$600m IMF money boosts international reserves to $5.7bn
The first tranche of $600 million out of the $3billion IMF support has boosted Ghana’s gross international reserves pushing it to $5.7 billion as of May 19, 2023, the Governor of the Bank Ghana, Dr Ernest Addison, has stated.
The US$600 million is the equivalent to 2.6 months of import cover.
The first tranche of the money hit the accounts of the BoG last week following the approval of Ghana’s Programme by the Executive Board of the Fund.
Addressing the media at the Monetary Policy Committee press conference, Dr Addison said although the money was meant for budget support, it would help the country in meeting its foreign liquidity needs, and help anchor both inflation and exchange rate outlook.
“We are going to credit the government with the cedi equivalent of $600 million to support the execution of the budget but obviously the BoG will benefit from the foreign exchange,” he stated.
The governor noted that gross International Reserves, excluding oil funds, encumbered and pledged assets, stood at $1.4 billion, while net international reserves as of March 2023 stood at $2.1 billion.
Banks record losses
Dr Addison also pointed out that banks recorded total losses of GH¢8 billion in the 2022 financial year.
He said most banks reported significant losses on the back of the mark-to-market valuation losses on their respective holdings in Government of Ghana bonds following the implementation of the DDEP.
He said other losses were due to higher impairments on loans and rising operating costs.
“The main profitability indicators, namely, return-on- assets and return-on-equity all turned negative in 2022 because of the industry’s loss position.
“The 2022 audited financial statements of banks also pointed to some impairments in capital levels, although most banks posted Capital Adequacy Ratios (CAR) above the 10 per cent regulatory minimum at end-December 2022,” he said.

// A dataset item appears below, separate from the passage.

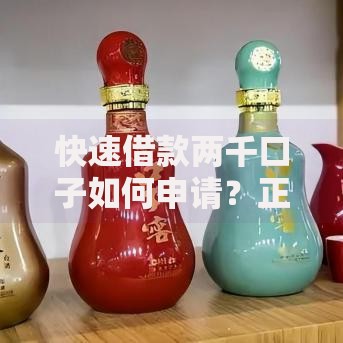 快速借款两千口子如何申请？正规渠道及注意事项解析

The governor said data for the first four months of this year, show some turnaround in the banking sector’s performance following the conclusion of the DDEP, and following consensus reached among stakeholders on the treatment of losses arising from same.
He said banks continued to rebalance their portfolios in response to the impact of the DDEP on their balance sheet shifting away from medium-to-long term investments to short term investments and increases in new loans.
“In general, the banks returned to making profits in the first four months of 2023, broadly reflecting higher operating income.
“Loan loss provisions also increased relative to a year ago, due to the pickup in credit growth and elevated credit risks,” he stated.
Policy rate maintained
The BoG maintained its policy rate at 29.5 per cent.
Although inflation has seen a decline since the beginning of the year, the central bank maintained the rate due to global underlining inflationary uncertainties.
The policy rate is of keen interest to businesses, signals the rate at which the Central Bank will lend to commercial banks.
It also subsequently influences average lending rates on loans to individuals and businesses.